─── Input data
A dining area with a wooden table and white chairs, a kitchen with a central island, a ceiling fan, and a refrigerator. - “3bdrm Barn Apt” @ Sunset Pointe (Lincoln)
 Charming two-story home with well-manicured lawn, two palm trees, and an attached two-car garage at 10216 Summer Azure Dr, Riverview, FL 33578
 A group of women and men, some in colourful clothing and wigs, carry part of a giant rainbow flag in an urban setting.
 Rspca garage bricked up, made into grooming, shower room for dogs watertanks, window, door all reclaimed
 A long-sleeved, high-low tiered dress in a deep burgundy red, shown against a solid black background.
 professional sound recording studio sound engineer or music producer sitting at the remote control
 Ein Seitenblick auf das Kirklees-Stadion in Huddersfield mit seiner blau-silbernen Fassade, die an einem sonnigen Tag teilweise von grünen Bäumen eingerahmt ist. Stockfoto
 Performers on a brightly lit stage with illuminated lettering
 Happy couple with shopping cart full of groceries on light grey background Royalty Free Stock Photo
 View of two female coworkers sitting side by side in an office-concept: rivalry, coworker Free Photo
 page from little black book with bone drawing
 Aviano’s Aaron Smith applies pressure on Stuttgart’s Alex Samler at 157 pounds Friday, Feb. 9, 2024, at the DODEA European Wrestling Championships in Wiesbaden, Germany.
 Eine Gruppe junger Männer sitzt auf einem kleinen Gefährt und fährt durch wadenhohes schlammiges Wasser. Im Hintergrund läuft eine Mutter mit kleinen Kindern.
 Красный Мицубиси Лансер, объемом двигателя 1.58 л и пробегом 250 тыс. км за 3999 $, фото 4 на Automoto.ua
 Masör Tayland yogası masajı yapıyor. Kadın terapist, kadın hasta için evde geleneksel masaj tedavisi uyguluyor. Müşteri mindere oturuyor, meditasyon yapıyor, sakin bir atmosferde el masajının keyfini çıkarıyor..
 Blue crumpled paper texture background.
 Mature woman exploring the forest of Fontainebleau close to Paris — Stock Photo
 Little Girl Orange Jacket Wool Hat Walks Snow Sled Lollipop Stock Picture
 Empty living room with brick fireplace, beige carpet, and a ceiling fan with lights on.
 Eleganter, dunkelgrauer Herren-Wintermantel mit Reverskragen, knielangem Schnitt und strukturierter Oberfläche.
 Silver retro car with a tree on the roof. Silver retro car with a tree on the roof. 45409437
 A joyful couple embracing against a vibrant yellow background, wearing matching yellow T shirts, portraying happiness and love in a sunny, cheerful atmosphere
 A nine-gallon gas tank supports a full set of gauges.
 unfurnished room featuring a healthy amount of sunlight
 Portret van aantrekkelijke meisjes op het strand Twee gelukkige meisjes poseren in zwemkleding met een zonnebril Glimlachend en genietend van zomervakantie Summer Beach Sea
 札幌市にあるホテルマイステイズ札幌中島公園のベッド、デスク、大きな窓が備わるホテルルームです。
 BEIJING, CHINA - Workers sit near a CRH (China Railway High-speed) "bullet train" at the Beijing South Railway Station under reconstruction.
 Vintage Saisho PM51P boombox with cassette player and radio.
──────
◆ Exercise: From the line with "Silver retro car with a tree on the roof. Silver" through the last line of the records, set down every line exactly as written and leave out all others.

◆ Your response:
 Silver retro car with a tree on the roof. Silver retro car with a tree on the roof. 45409437
 A joyful couple embracing against a vibrant yellow background, wearing matching yellow T shirts, portraying happiness and love in a sunny, cheerful atmosphere
 A nine-gallon gas tank supports a full set of gauges.
 unfurnished room featuring a healthy amount of sunlight
 Portret van aantrekkelijke meisjes op het strand Twee gelukkige meisjes poseren in zwemkleding met een zonnebril Glimlachend en genietend van zomervakantie Summer Beach Sea
 札幌市にあるホテルマイステイズ札幌中島公園のベッド、デスク、大きな窓が備わるホテルルームです。
 BEIJING, CHINA - Workers sit near a CRH (China Railway High-speed) "bullet train" at the Beijing South Railway Station under reconstruction.
 Vintage Saisho PM51P boombox with cassette player and radio.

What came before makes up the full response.